There’s a problem in both the phrasing of the question and also in these women’s comprehension of it. The media, particularly certain feminist blogs, are looking for provocative discourse and celebrities are easy targets. (Feministing subtly calls this an “annoying conversation.”) But it’s more than that. It’s problematic not only because it makes women the targets of scorn by other women, but also overlooks the bigger forces at work behind the entertainment industry that promote a patriarchal business structure and overwhelmingly value female artists for their sexuality rather than their talent.

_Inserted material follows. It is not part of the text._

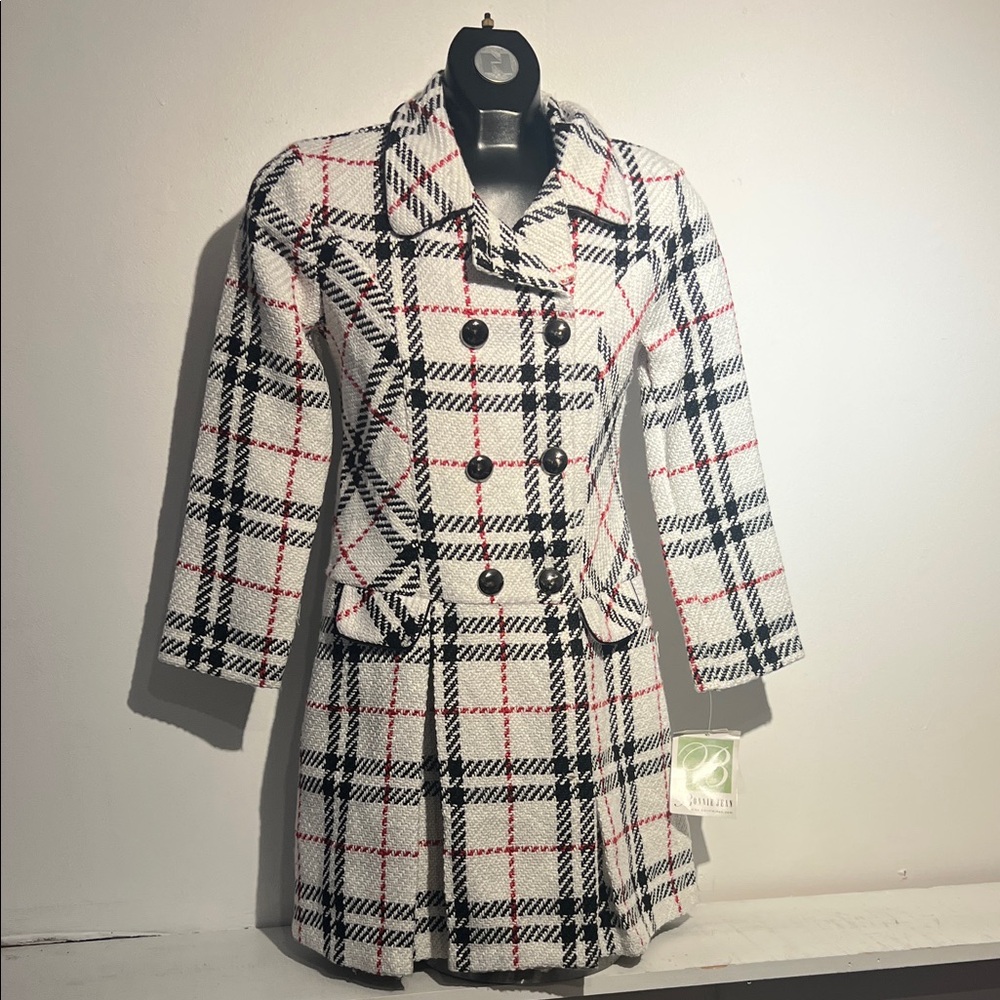 Bonnie Jean Classic Plaid Pea Coat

These young women (and they are always young when they get this question for the first time) are not thinking about what it means to be a feminist at the exact moment a reporter points her microphone at them and asks them to identify with something they’re not quite sure of yet. They are not dumb, but perhaps they haven’t yet evolved into their feminist identities. And you know what? That’s perfectly okay, even for someone righteously living like a feminist without knowing it yet.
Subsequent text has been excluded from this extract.